I will appreciate suggestions for further examples, and notification of errors and unclear sections. Because the examples here have been collected from diverse sources over many years, not all sources are acknowledged. If you recognize any example as yours or someone else’s, please let me know so that I can add a proper acknowledgement. I warmly thank the students who have asked the questions and posed the problems that have helped me write this text and correct the mistakes and voids of previous versions. I have also received help on online forums and in person from numerous people, learned from archived e-mail list messages, blog posts, books, articles, tutorials, webinars, and by struggling to solve some new problems on my own. In many ways this text owes much more to people who are not authors than to myself. However, as I am the one who has written this version and decided what to include and exclude, as author, I take full responsibility for any errors and inaccuracies.

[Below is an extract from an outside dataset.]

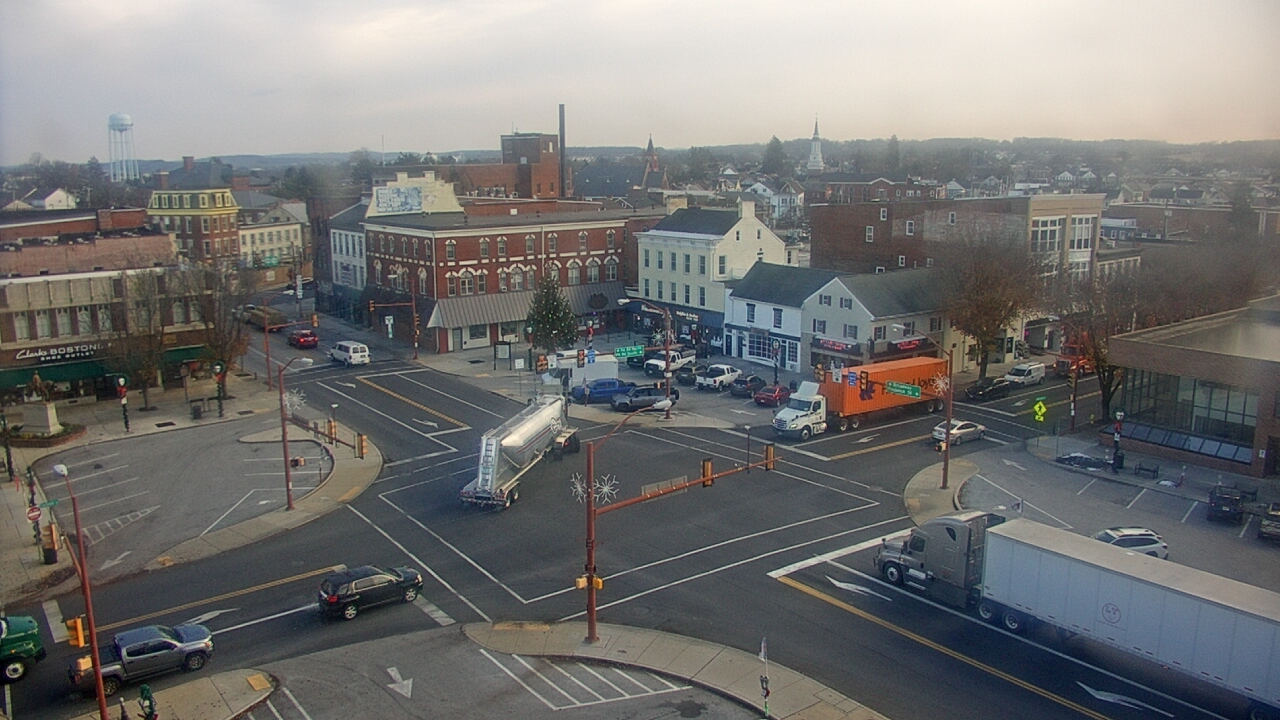 Thumbnail for current weather camera view from Square Commercial Center in Hanover, Pennsylvania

Why have I chosen the title “Learn R: As a Language”? This book is based on exploration and practice that aims at teaching to express various generic operations on data using the R language. It focuses on the language, rather than on specific types of data analysis, and exposes the reader to current usage and does not spare the quirks of the language. When we use our native language in everyday life, we do not think about grammar rules or sentence structure, except for the trickier or unfamiliar situations. My aim is for this book to help you grow to use R in this same way, to become fluent in R. The book is structured around the elements of languages with chapter titles that highlight the parallels between natural languages like English and the R language.

I encourage you to approach R like a child approaches his or her mother tongue when first learning to speak: do not struggle, just play, and fool around with R! If the going gets difficult and frustrating, take a break! If you get a new insight, take a break to enjoy the victory!